Conteúdo gratuito não é isca, mas uma pequena prova

Um bom material gratuito não funciona porque é gratuito. Ele funciona quando ajuda alguém a dar um passo concreto e mostra como você pensa. Não precisa ter vinte mil palavras. Muitas vezes, uma página honesta que alguém realmente usa é melhor.

Eu começo pelas perguntas que a empresa realmente ouve em vendas, suporte ou consultorias — não pelas perguntas que o marketing gostaria que as pessoas respondessem. A diferença costuma ser considerável.

  • Que decisão a pessoa está tomando agora?
  • O que está faltando: informação, comparação, evidências ou coragem para rejeitar algo?
  • Podemos ajudar antes da compra sem transformar o material em um folheto disfarçado?
  • O conteúdo leva naturalmente a um próximo passo?

O Google recomenda a mesma base sólida: criar principalmente para as pessoas, demonstrar experiência real e não deixar os leitores procurando a resposta de fato em outro lugar. É um bom teste independentemente de SEO. Isso é explicado com mais detalhes na documentação sobre conteúdo útil voltado para as pessoas.

Trato um resultado histórico como evidência, não como receita

Em fevereiro de 2014, 1 411 pessoas se inscreveram neste blog em 28 dias. O artigo original documentou isso com uma captura de tela das estatísticas da época.

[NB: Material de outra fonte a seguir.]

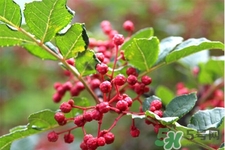 花椒真的能治打呼嚕嗎？花椒水治打呼嚕有效嗎？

É um bom resultado histórico, mas não uma promessa de que hoje você pode criar um e-book, adicionar um formulário e esperar os mesmos números.

As plataformas, o custo da atenção e as expectativas das pessoas mudaram. Mais importante ainda, uma quantidade de contatos sem informações sobre sua qualidade é apenas um número maior em uma planilha. O que importa mais é quantas pessoas relevantes usaram o material, quantas deram um próximo passo significativo e se a comunicação gerou negócios economicamente viáveis.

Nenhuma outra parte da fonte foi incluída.